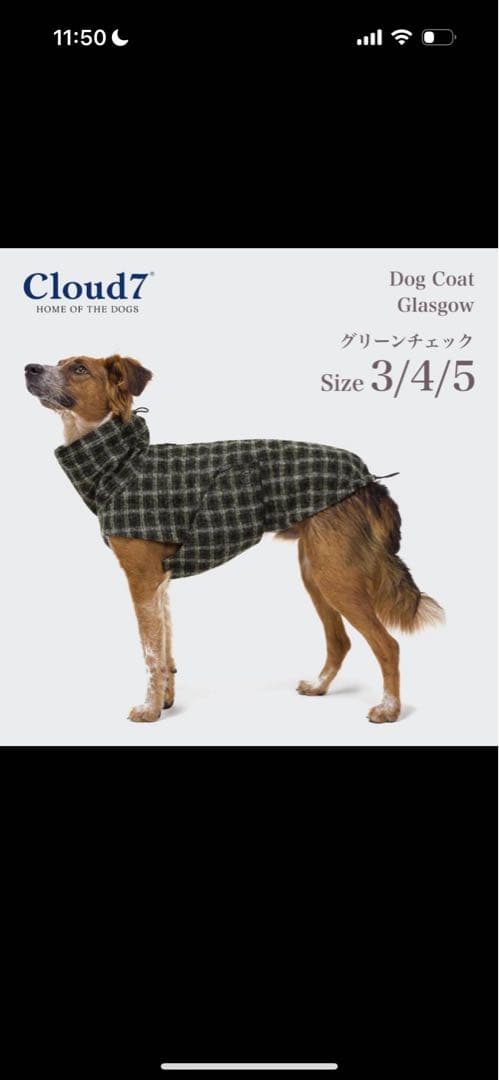 Cloud7 クラウド グラスゴー グリーンチェック SIZE3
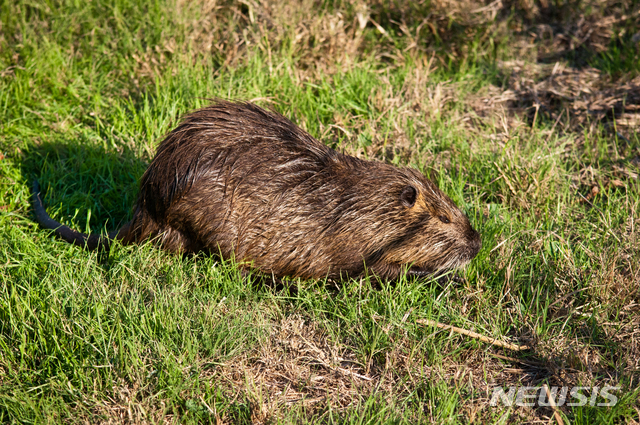 [원추 오늘의운세]쥐띠, 개미도 되고 뱀도 돼야 산다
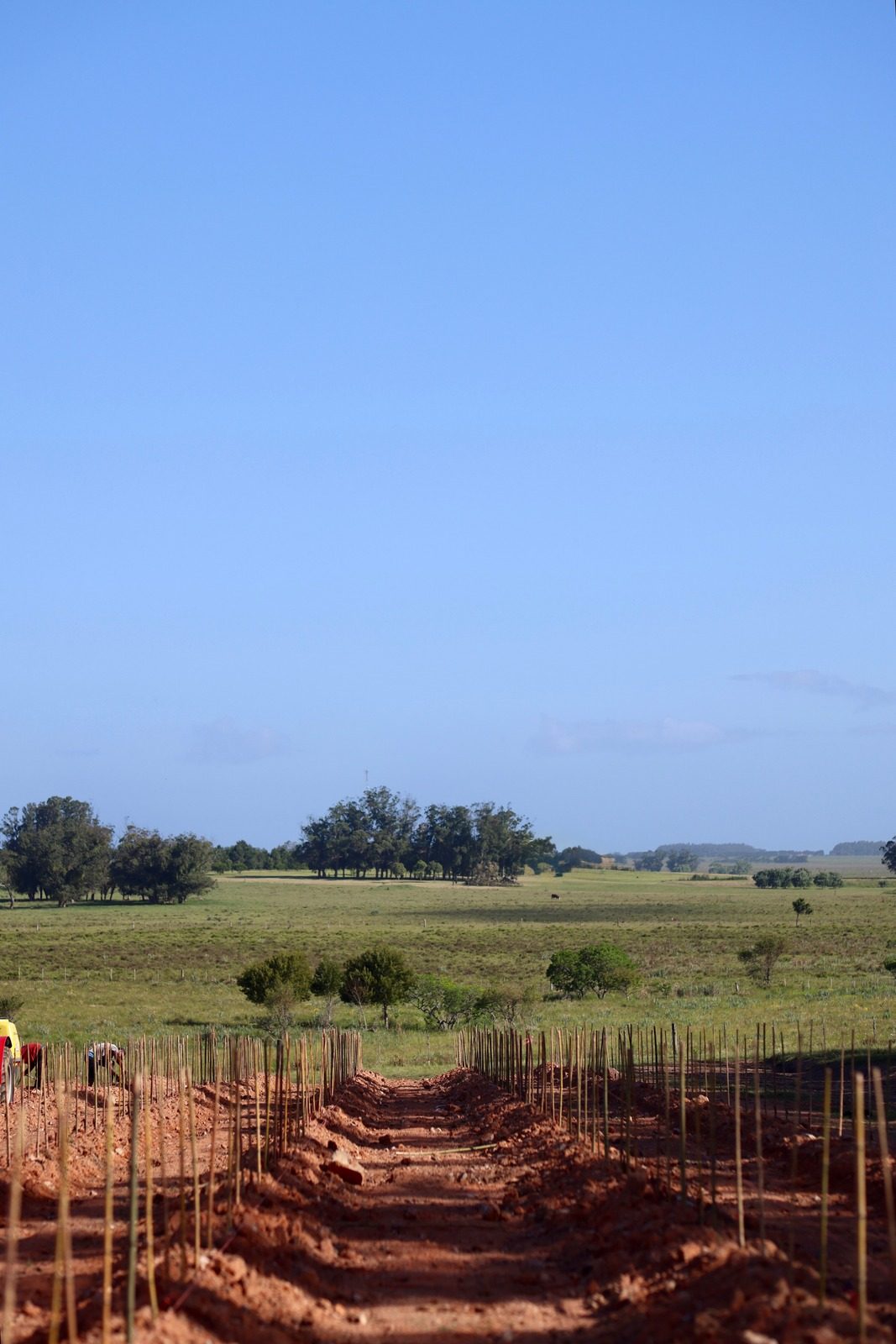 Campo marcado con estacas y camellones listo para plantar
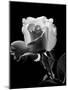 1940s Close-Up of Light-Colored Rose-null-Mounted Photographic Print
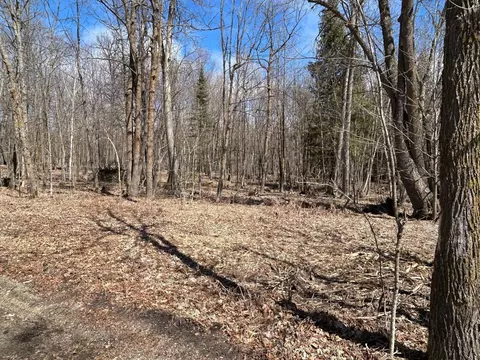 48623 Neon Rd, Bowstring Twp, MN 56636 photo 5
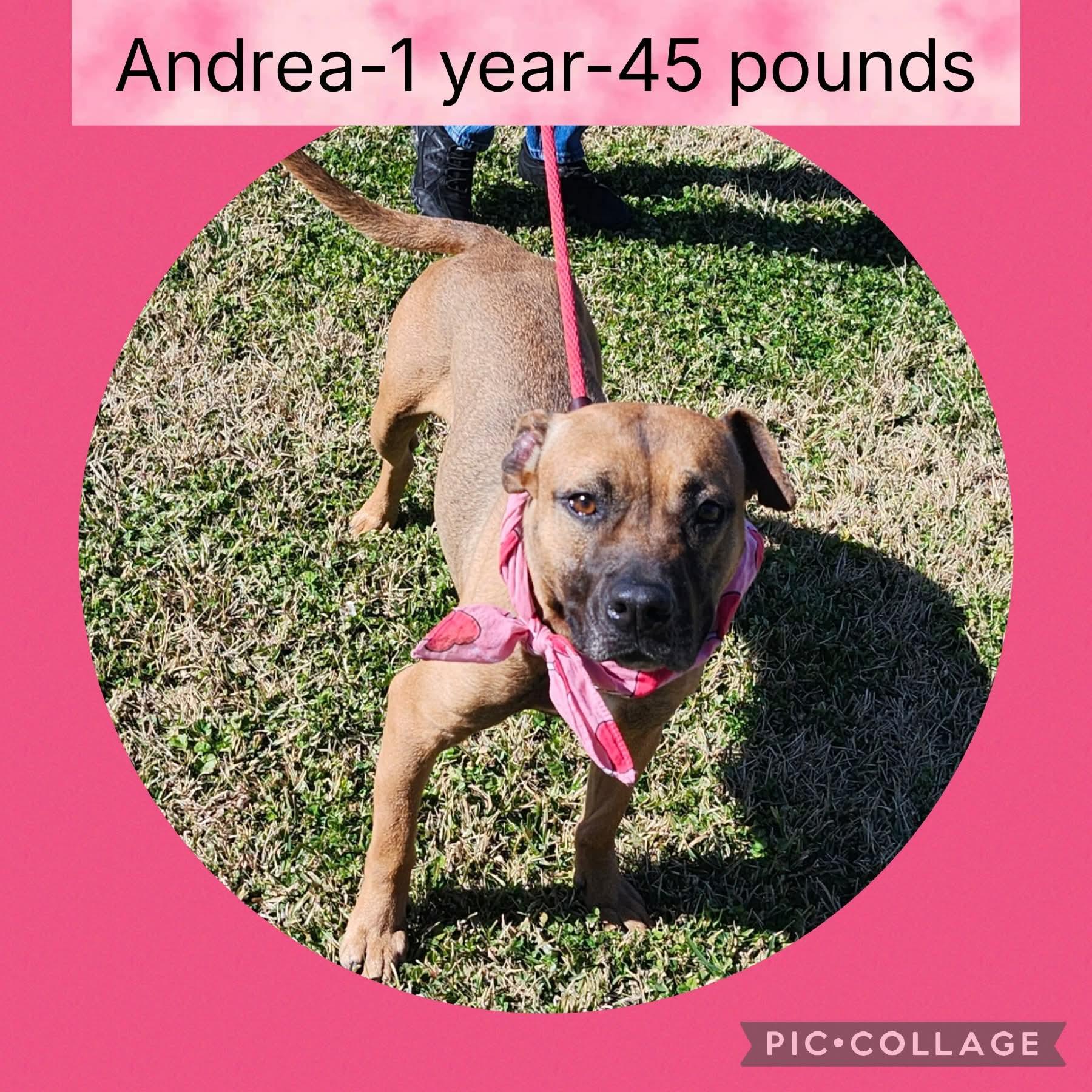 Enlarge Andrea, a Adoptable mixed breed in New Iberia, LA image 1/1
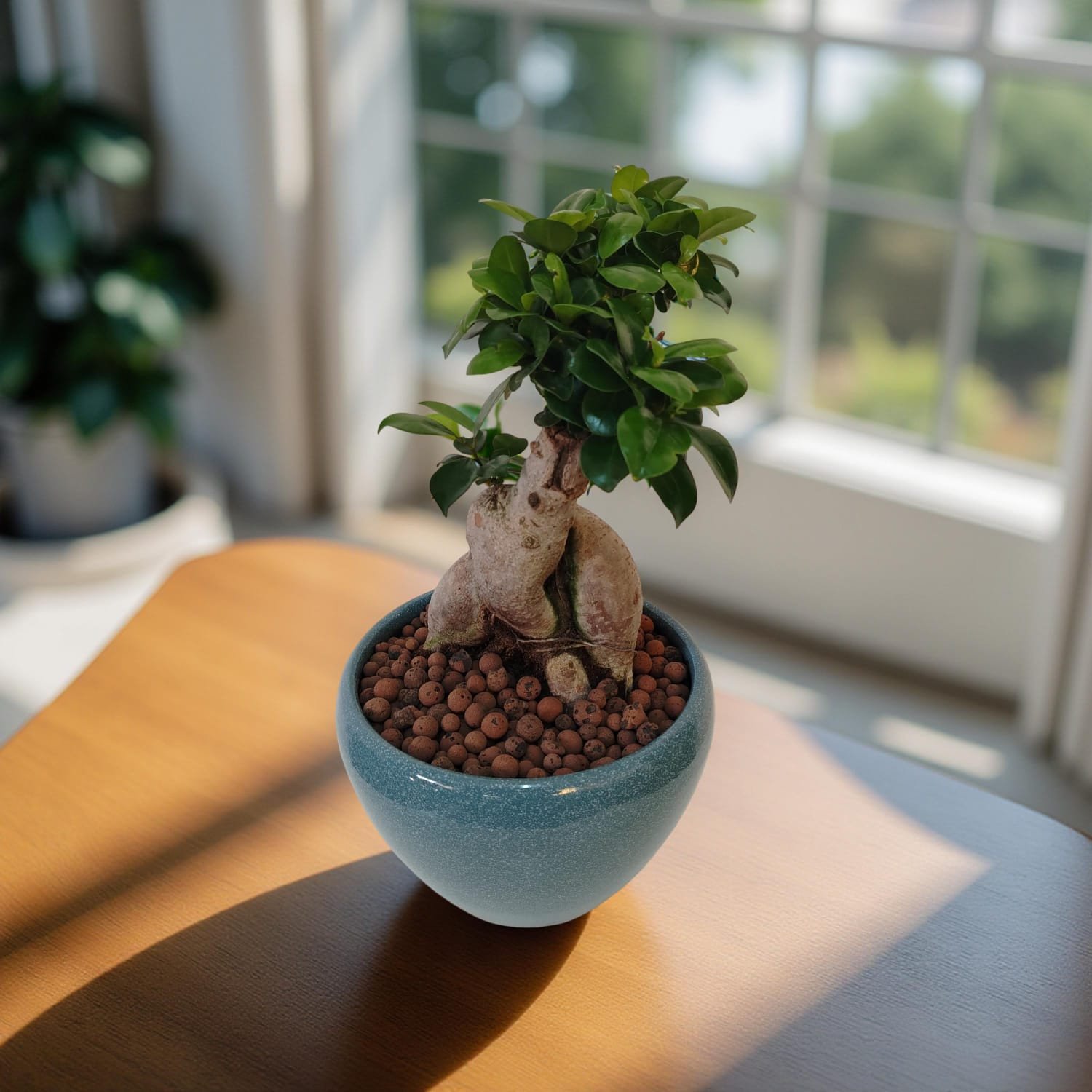 نبات فيكس بونساي Ficus Bonsai Plant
------------------------------------------------------------
PROBLEM TO SOLVE>
Exact copy, pictures excluded: restate every record above word for word.

YOUR SOLUTION>
 Cloud7 クラウド グラスゴー グリーンチェック SIZE3
 [원추 오늘의운세]쥐띠, 개미도 되고 뱀도 돼야 산다
 Campo marcado con estacas y camellones listo para plantar
 1940s Close-Up of Light-Colored Rose-null-Mounted Photographic Print
 48623 Neon Rd, Bowstring Twp, MN 56636 photo 5
 Enlarge Andrea, a Adoptable mixed breed in New Iberia, LA image 1/1
 نبات فيكس بونساي Ficus Bonsai Plant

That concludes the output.